The 33-year-old came into the game midway through the first and immediately started guarding near-max talent Tobias Harris. That should not be a good matchup for the 6’7” Dudley, who is giving up an inch or two in height and several seconds in the 40-yard dash.

Harris didn’t get much. He attempted just two midrange jumpers – a make and a miss – both of which Brooklyn defended well enough because Dudley, while not totally attached to the Philly man, fought back to switch position and used his heft to box out the screener.

That strength proved to be a critical asset for Atkinson. He felt comfortable deploying Dudley at the 5, even against behemoths like Boban Marjanovic, and the Boston College alum repaid his coach’s faith. Philly went after him in the post and got stonewalled.

Dudley keeps his hands high, plays his angles well, and has a sturdy base. He allowed just 0.86 points per possession on post-ups this season, substantially better than the Nets’ actual centers Jarrett Allen and Ed Davis. Joel Embiid may be a tough matchup for him, but anyone else will have a tough time getting easy buckets down low.

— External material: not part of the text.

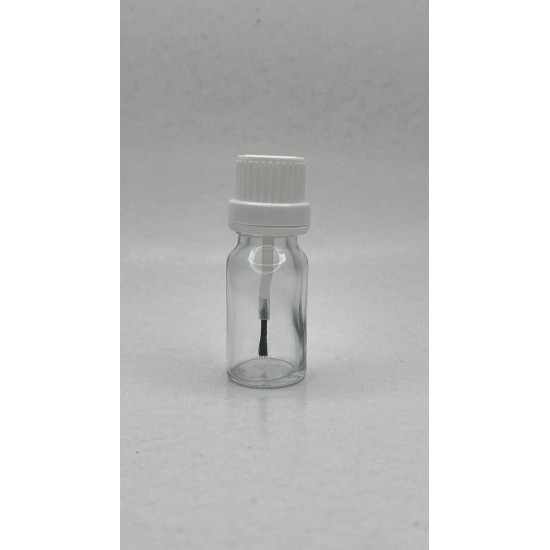 10 ml Şeffaf Cam Şişe Beyaz Fırçalı Kapaklı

Provided the rest of the team rebounds well enough around him, the 12-year pro can even hold up as a rim protector. He doesn’t have the quickest hands, but he puts them in the right place, knowing when to take away passing lanes…

…and when to wall up.

Brooklyn sported a stingy 91.8 defensive rating with Dudley in the game altogether. Some of that is the Sixers’ general impotence, but much of it was Brooklyn’s smart, swarming bench defense.

That Dudley-at-the-5 look, even when a bit wobblier on D, pays dividends at the other end. As a career 39.2 percent shooter from three – the only shooting big man on the Nets roster – he can draw opposing bigs out of the paint and crack open crevasses for his teammates.

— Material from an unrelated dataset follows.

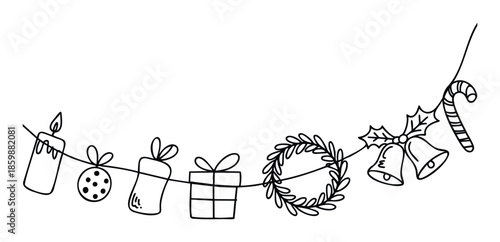 Black outline drawing of Christmas holiday decorations with a candle, ornament, presents, wreath, bells, and candy cane strung together, ideal for winter season promotions and festive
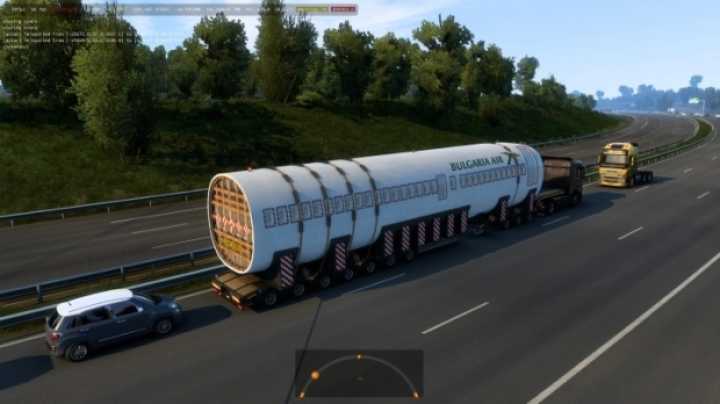 Oversized Trailer Fuselage Airbus A319 In Traffic ETS2 1.45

Embiid is preoccupied with the perimeter threat Dudley poses, here. He’s so jumpy, in fact, that he falls for Caris LeVert’s ball fake and entirely evacuates the paint.

When the Sixers tried to downsize themselves, their more perimeter-oriented bigs stuck even tighter to the Brooklyn vet, leaving the lane bare for easy drives and finishes.

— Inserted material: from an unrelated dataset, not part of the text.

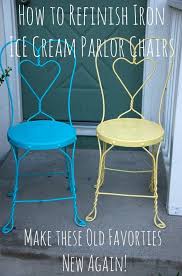 Refinishing Vintage Iron Sweetheart Ice Cream Parlor Chairs Via Shesingswedance Parlor Chair Ice Cream Parlor Ice Cream Chairs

Dudley didn’t make any threes during the Saturday matinee – at forward or center – but it didn’t matter. Philly gravitated toward him, opening lanes for his teammates. And on hard closeouts, he just lumbered into the paint himself. Three of his four assists came off of straight-line drives to the hoop after he received the ball beyond the three-point line.

The other assist? A classic Dudley play. He saw a possession going nowhere, set a flare screen to create space for LeVert, then intelligently cut into the paint after Mike Scott reacted to his screen.

Once again, he sensed what his team needed, and did it. He was the connective tissue of Brooklyn’s Game 1 upset.

Dudley boxes out on every rebound, keeps his hands active on defense, sets bruising screens, knows his next move before receiving the ball, and sprints down the court both ways. He is a high-school basketball coach’s dream.

But his willingness to do the little things has also kept him relevant at the NBA level, where he’s making an impact in the playoffs in his 12th damn season. He was a plus-17 in 27 minutes.

The Sixers’ bench is B-A-D bad, and Dudley might struggle against more dynamic playoff units. But it’s not like he didn’t show out against Philly’s heavy hitters, too. And as big-time underdogs in this series, this is the only opponent the Nets need to worry about for now.

Philly’s thin rotation is vulnerable, and Dudley is at Brooklyn’s service, willing to do whatever is needed to win.